We see that the Time Warner outage lasted about two hours and affected a good swath of the United States. We caution that all large network operators have occasional outages–this animation is not intended to complain about Time Warner, but to illustrate the need to have tools that can detect and visualize national-level outages. It also puts the outage into context: we can see a few other outages in Uruguay, Brazil, and Saudi Arabia.
This analysis uses dataset usc-lander /internet_outage_adaptive_a17all-20140701, available for research use from PREDICT, or by request from us if PREDICT access is not possible.
This animation was first shown at the Dec. 2014 DHS Cyber Security Division R&D Showcase and Technical Workshop as part of the talk “Towards Understanding Internet Reliability” given by John Heidemann. This work was supported by DHS, most recently through the LACREND project.

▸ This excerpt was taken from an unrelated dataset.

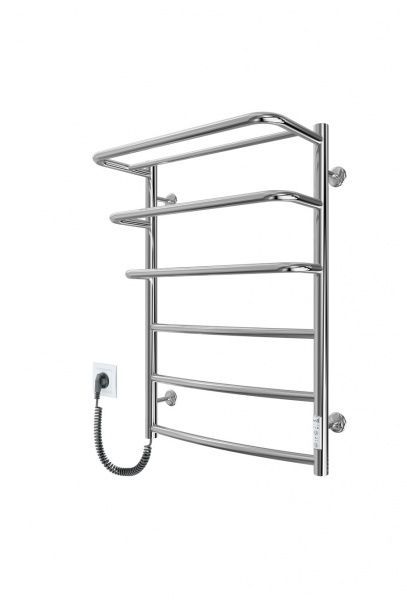 Полотенцесушитель электрический Mario Эпика -І 700х522 TR KT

In October 2012, Hurricane Sandy made landfall on the U.S. East Coast causing widespread power outages. We were able to see the effects of Hurricane Sandy by analyzing active probing of the Internet. We first reported this work in a technical report and then with more refined analysis in a peer-reviewed paper.
These 4 days before landfall and 7 after show some intersting results: On the day of landfall we see about three-times the number of outages relative to “typical” U.S. networks. Finally, we see it takes about four days to recover back to typical conditions.
This analysis uses dataset usc-lander / internet_address_survey_reprobing_it50j, available for research use from PREDICT, or by request from us if PREDICT access is not possible.
This animation was first shown at the Dec. 2014 DHS Cyber Security Division R&D Showcase and Technical Workshop as part of the talk “Towards Understanding Internet Reliability” given by John Heidemann. This work was supported by DHS, most recently through the LACREND project.